The George Floyd Justice in Policing Act of 2025 comprehensively reforms policing by increasing accountability, mandating transparency through data collection, restricting dangerous tactics, and prohibiting sexual misconduct by officials acting under color of law.
Glenn Ivey
Representative
MD-4
The George Floyd Justice in Policing Act of 2025 is a comprehensive bill designed to increase police accountability and transparency nationwide through federal mandates and funding incentives. It reforms standards for prosecuting civil rights violations, eliminates qualified immunity, and establishes national registries for police misconduct and use-of-force data. Furthermore, the Act bans specific dangerous police tactics like chokeholds and restricts the transfer of military equipment to local departments.
The George Floyd Justice in Policing Act of 2025 is a massive, structural overhaul of how policing works in the U.S., hitting everything from federal law to local grants. At its core, this bill aims to increase accountability and standardize practices across the board. Key changes include making it easier to sue officers for misconduct, establishing a national registry to track bad cops, and forcing federal agencies to adopt strict new rules on use of force and body cameras.
If you’ve ever wondered why it’s so hard to sue a police officer for violating your rights, the answer often comes down to 'qualified immunity.' This bill takes a sledgehammer to that shield. Section 102 removes the defense that an officer was acting in “good faith” or that the specific right they violated wasn’t “clearly established” at the time. What this means for everyday people is that if a local or federal officer violates your constitutional rights—say, excessive force during an arrest—the legal path to holding them personally accountable in a civil lawsuit just got a whole lot clearer. This is arguably the biggest liability shift in the bill, moving the financial risk from the victim back onto the officer and the department.

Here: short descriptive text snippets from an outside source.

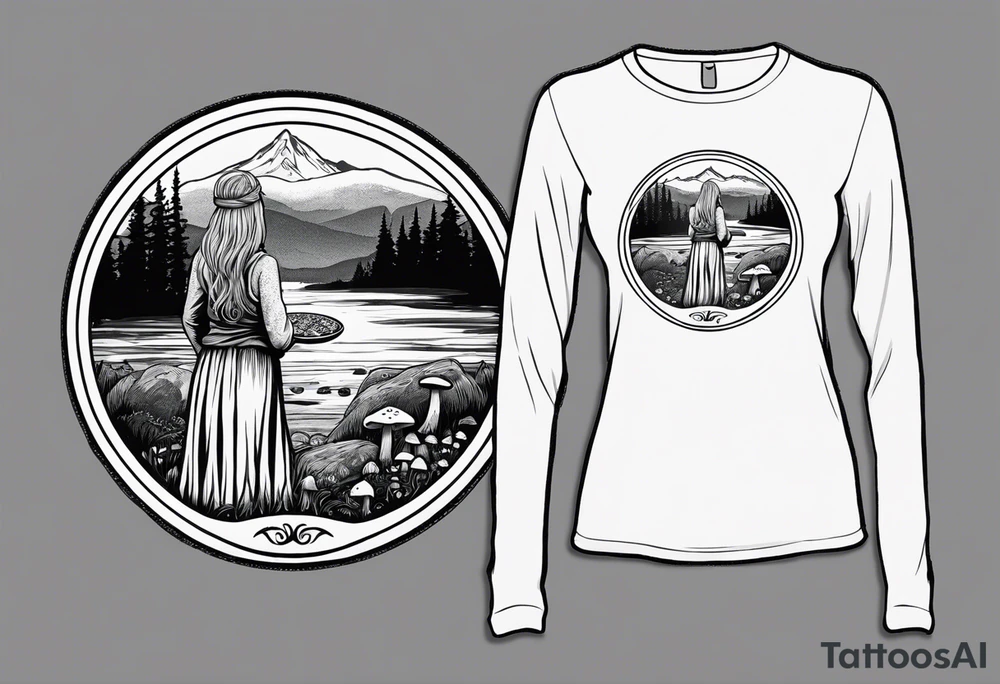Whole picture encircled fully

Straight long blonde hair hippie girl in distance holding mushrooms in hand facing away toward mountains and creek surrounded by mushrooms long sleeve shirt and hiking pants; whole rendering within a full celtic circle, no cut off circle tattoo idea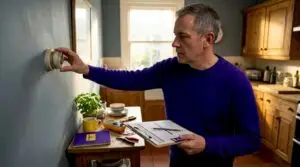 Homeowner checking thermostat in London hallway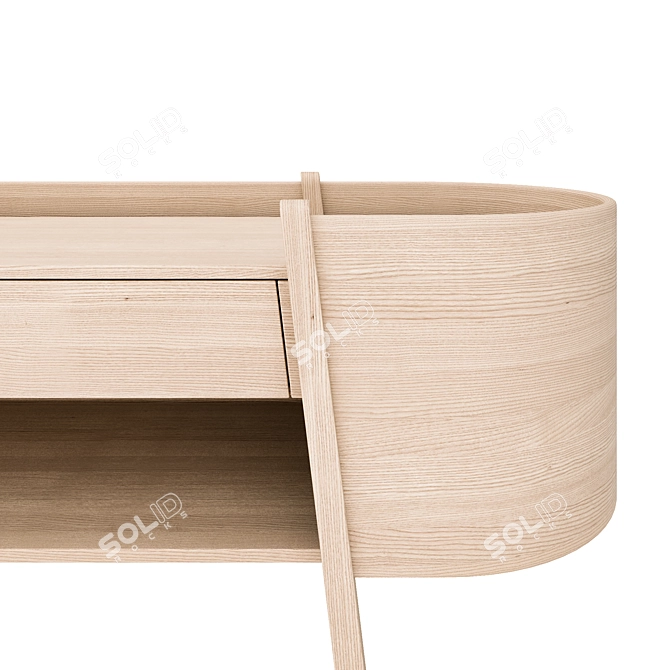 Curved Elegance Sideboard Japandi Style 3D model image 2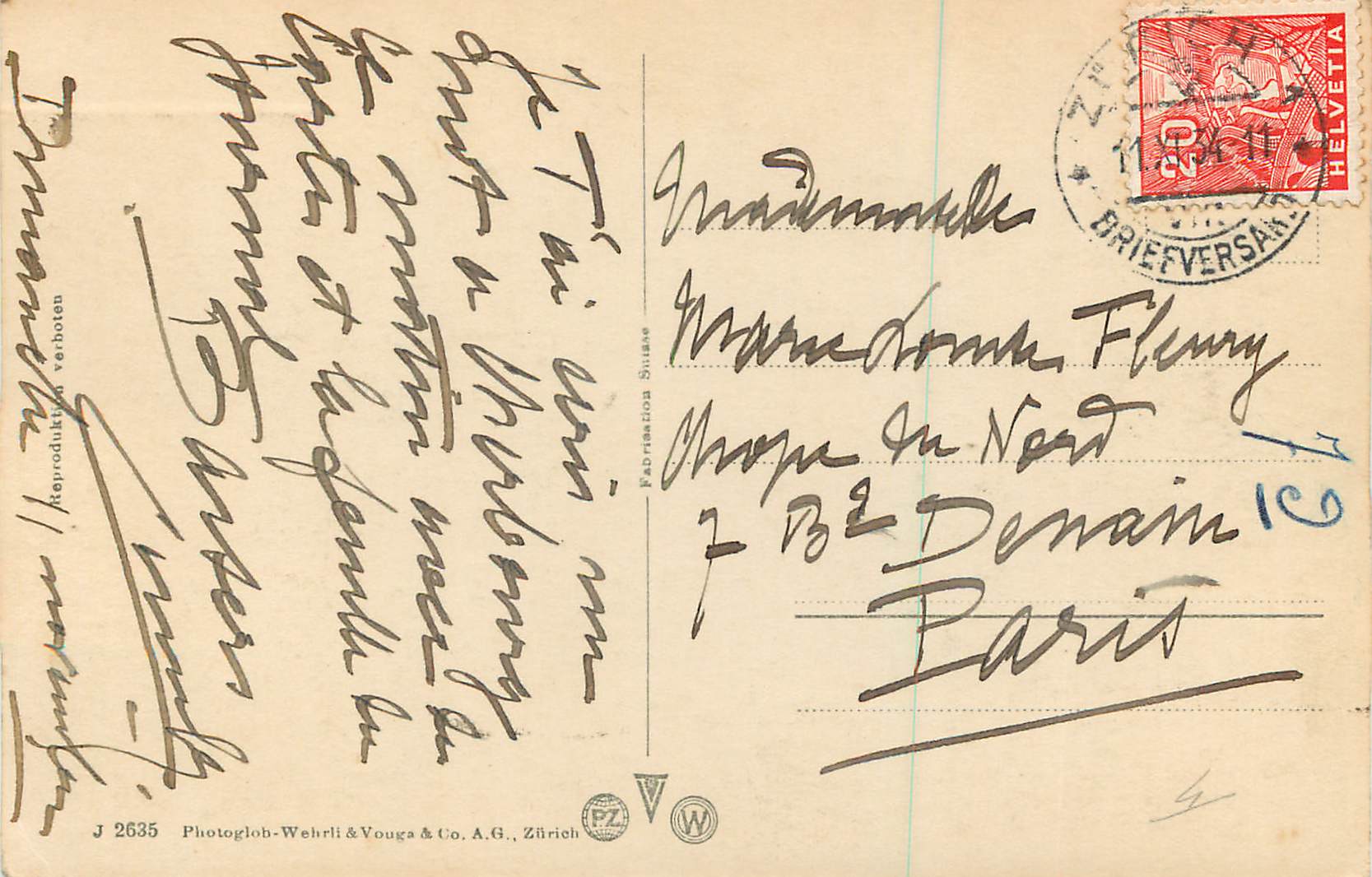 Vue de Zürich — lac et quai — Photoglob-Wehrli & Vouga & Co. A.G., Zürich, n° J 2635 — Rückseite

For years, officers fired for misconduct in one state could simply cross the border and get hired in another. The bill addresses this head-on by establishing a National Police Misconduct Registry (Sec. 201). This central database will track complaints, disciplinary actions, terminations, and settlements involving use of force or racial profiling. Furthermore, states and local governments must now have a system for certifying and decertifying officers (Sec. 202) and report an officer’s training status to the Attorney General to be eligible for Byrne grant money. If you’re a hiring manager in a police department, you’re now required to check this registry before making an offer, which should help filter out officers with documented histories of misconduct.

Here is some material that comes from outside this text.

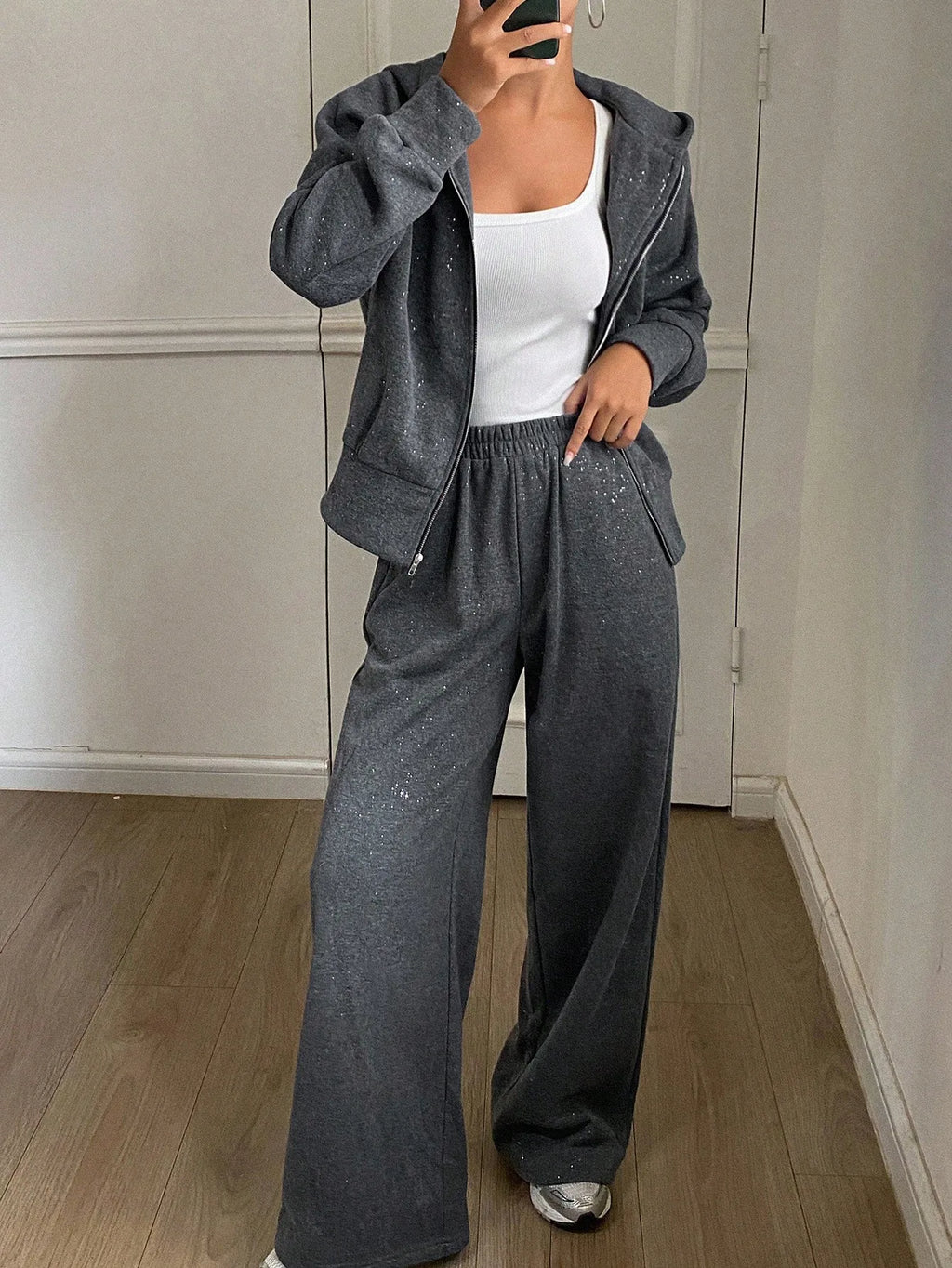 DAZY Women's Casual Hooded Sweatshirt Sweatshirt And Wide Leg Pants 2 Pieces Set, Autumn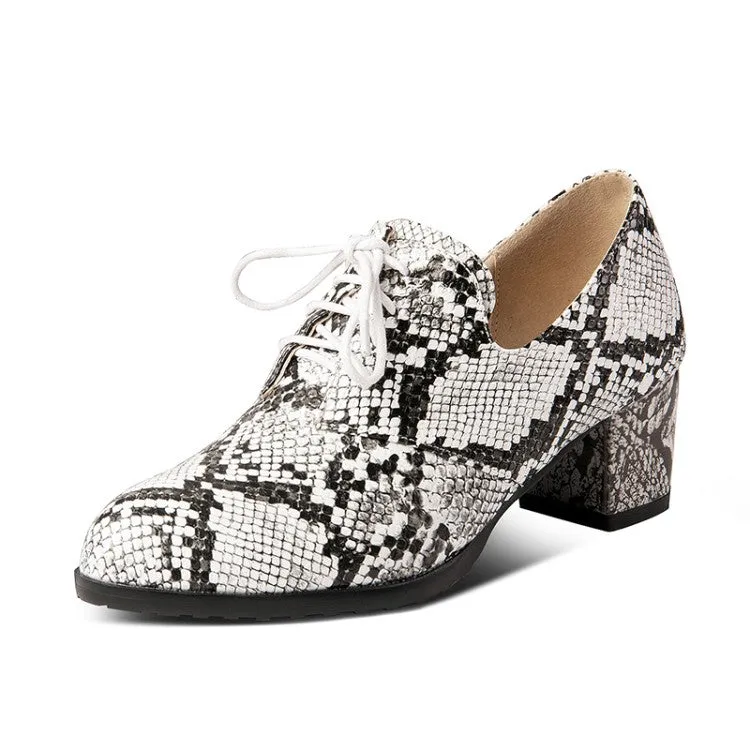 Women's Lace Up Snake-printed High Heel Shoes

Title III uses federal funding as leverage to force policy changes at the local level. Starting one year after enactment, if a state or local government wants federal money from the Byrne or COPS grant programs, they must have laws in place that ban chokeholds and carotid holds (Sec. 363) and ban no-knock warrants for drug cases (Sec. 362). For communities concerned about dangerous entry tactics and potentially lethal restraints, this bill creates a direct financial incentive for local governments to adopt safer policies. If your local police department still allows these tactics, they stand to lose out on critical federal funding for things like equipment and training.
For federal law enforcement (and local agencies seeking Byrne grants), the bill establishes the PEACE Act (Sec. 364), which dramatically changes when force can be used. Federal officers can only use less lethal force if they have probable cause to arrest, the force is necessary and proportional, and they have exhausted all reasonable alternatives. Deadly force is restricted to an absolute last resort to prevent immediate death or serious injury. If an officer’s own gross negligence leads to a situation requiring force, they can no longer claim justification as a defense in court. This sets a much higher bar than the current legal standard, requiring officers to prioritize de-escalation and limiting the use of force to situations where it is truly unavoidable.

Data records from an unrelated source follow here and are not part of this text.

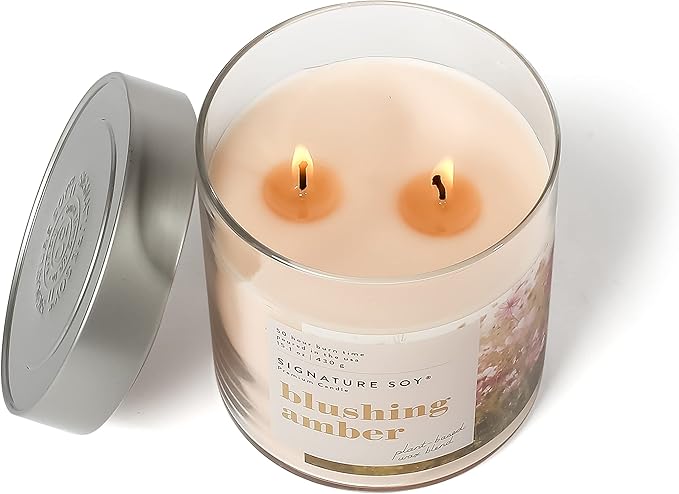 Signature Soy Lidded Blushing Amber Scented Candle, Large Jar
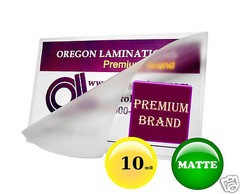 500/pack MATTE/MATTE Military Cards 10 Mil Hot Laminating Pouches 2-5/8 x 3-7/8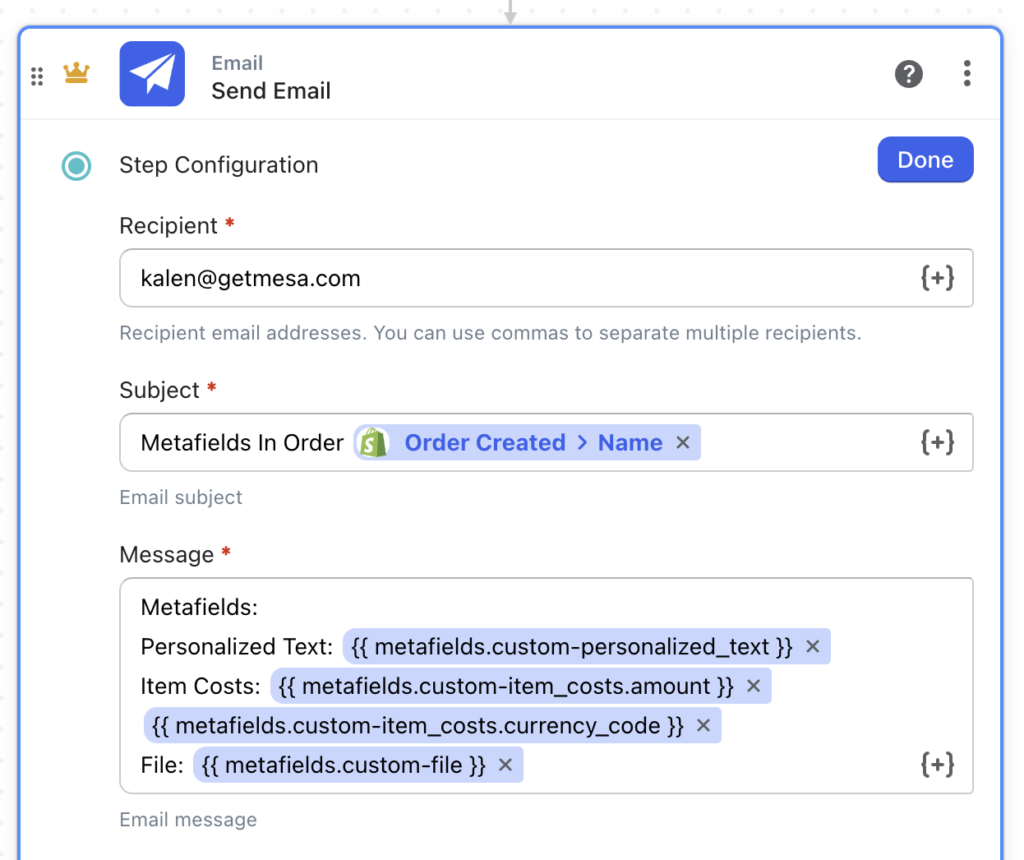 workflow email step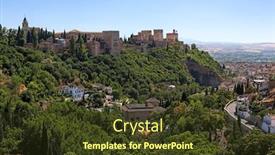  Presentation with granada - Colorful theme enhanced with view-on-alhambra-and-granada backdrop and a tawny brown colored foreground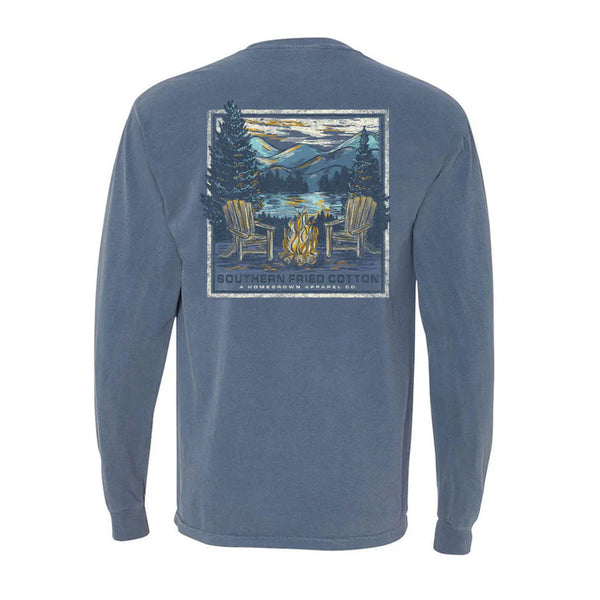 Southern Fried Cotton Long Sleeve Mountain Bonfire - Blue Jean - SFM32216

Title III, Subtitle C mandates strict rules for federal law enforcement regarding body cameras and in-car video. Cameras must be worn and recording during all stops and interactions (Sec. 372). Critically, the bill bans facial recognition technology from being included in or used with any camera or recording device authorized under this Act (Sec. 374). This is a win for privacy advocates and means federal law enforcement can’t use these devices for mass surveillance. The footage retention rules are also strict: generally 6 months, but extended to 3 years if the footage involves use of force or a complaint is filed.
Title IV closes a dangerous gap by creating a new federal crime for law enforcement officers who engage in sexual acts with anyone in their custody, even if they claim the person consented (Sec. 402). This recognizes the power imbalance inherent in custodial relationships, making consent legally irrelevant in these situations. Furthermore, states must adopt similar laws to be eligible for COPS grant funding (Sec. 403), ensuring that officers who abuse their authority in this way face serious consequences and cannot use the victim’s supposed consent as a shield.
Finally, the Stop Militarizing Law Enforcement Act (Sec. 365) severely restricts the Department of Defense’s 1033 program, which transfers surplus military equipment to local police. The bill bans the transfer of specific items like tracked armored vehicles, grenade launchers, bayonets, and many types of firearms. For local agencies, acquiring military-grade gear just got much harder, which should ease community concerns about police over-militarization, though some departments may view this as losing access to necessary protective equipment.